Data for the task:
# # #

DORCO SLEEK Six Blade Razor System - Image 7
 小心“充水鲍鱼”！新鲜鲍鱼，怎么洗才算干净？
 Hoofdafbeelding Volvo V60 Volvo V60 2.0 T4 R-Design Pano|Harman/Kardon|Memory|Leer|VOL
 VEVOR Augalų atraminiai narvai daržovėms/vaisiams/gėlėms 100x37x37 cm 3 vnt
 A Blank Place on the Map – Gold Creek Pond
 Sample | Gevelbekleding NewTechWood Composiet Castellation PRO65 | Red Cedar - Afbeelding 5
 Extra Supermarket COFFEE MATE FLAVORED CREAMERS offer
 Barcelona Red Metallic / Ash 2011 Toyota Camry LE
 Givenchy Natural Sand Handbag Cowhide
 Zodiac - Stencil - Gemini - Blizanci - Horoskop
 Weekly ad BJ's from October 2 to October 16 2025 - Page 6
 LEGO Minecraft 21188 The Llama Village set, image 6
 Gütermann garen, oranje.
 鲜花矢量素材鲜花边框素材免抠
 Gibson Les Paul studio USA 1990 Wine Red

# # #

Activity:
Using the entries above, please restate each one word for word.

Output:
DORCO SLEEK Six Blade Razor System - Image 7
 小心“充水鲍鱼”！新鲜鲍鱼，怎么洗才算干净？
 Hoofdafbeelding Volvo V60 Volvo V60 2.0 T4 R-Design Pano|Harman/Kardon|Memory|Leer|VOL
 VEVOR Augalų atraminiai narvai daržovėms/vaisiams/gėlėms 100x37x37 cm 3 vnt
 A Blank Place on the Map – Gold Creek Pond
 Sample | Gevelbekleding NewTechWood Composiet Castellation PRO65 | Red Cedar - Afbeelding 5
 Extra Supermarket COFFEE MATE FLAVORED CREAMERS offer
 Barcelona Red Metallic / Ash 2011 Toyota Camry LE
 Givenchy Natural Sand Handbag Cowhide
 Zodiac - Stencil - Gemini - Blizanci - Horoskop
 Weekly ad BJ's from October 2 to October 16 2025 - Page 6
 LEGO Minecraft 21188 The Llama Village set, image 6
 Gütermann garen, oranje.
 鲜花矢量素材鲜花边框素材免抠
 Gibson Les Paul studio USA 1990 Wine Red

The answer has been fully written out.